日本自動車工業会(自工会、豊田章男会長)は、自動車産業に関連する二酸化炭素(CO₂)削減の取り組みなどをまとめたデータ集をホームページ上で公開している。自工会は、政府が打ち出す2050年までのカーボンニュートラル達成に向けて「自工会として全力でチャレンジする」(豊田会長)と宣言している。一方で、国内の電源構成見直しなどカーボンニュートラルの達成には自動車産業単体では難しい。データ集では日本と欧州の政策比較やライフサイクルアセスメント(LCA)の考え方などを紹介し、多様な環境技術を生かしたカーボンニュートラル実現への道筋を示している。
豊田会長は政府が脱炭素に向けた方針を示した昨年末以降、記者会見において「カーボンニュートラルの本質を正しく理解した上で対応することが必要」と強調してきた。欧州が強力に推し進める電気自動車(EV)シフトは、火力発電比率が高い日本においてはLCAも含めた視点で脱炭素化が難しい点を指摘してきた。自工会ではこれを裏付けるデータをまとめ、4月下旬からホームページに掲載している。
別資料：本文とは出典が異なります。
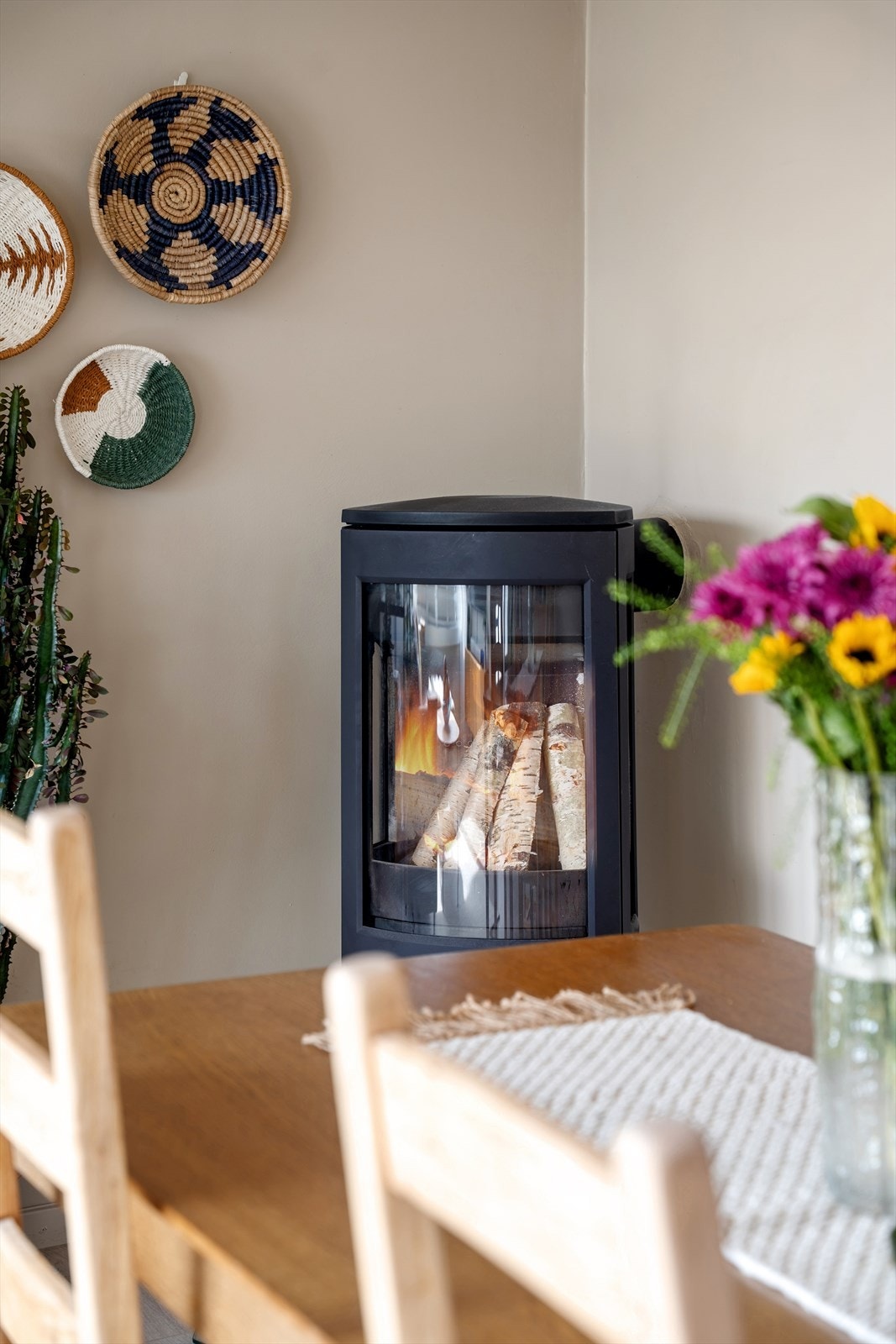 I stuen finner du også en vedovn som gir god varme og en lun stemning på kalde dager. Galleribilde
データ集では、日本と海外のエネルギー状況や各国のカーボンニュートラルの取り組みを紹介。さらにハイブリッド車(HV)に強みを持つ日本のCO₂削減比率が米国やドイツに比べて高い点を示し、これまで蓄積してきた環境技術を含めた「電動車フルラインアップ」が日本の強みとする。今後もデータベースを追加し、コンテンツを充実していく方針だ。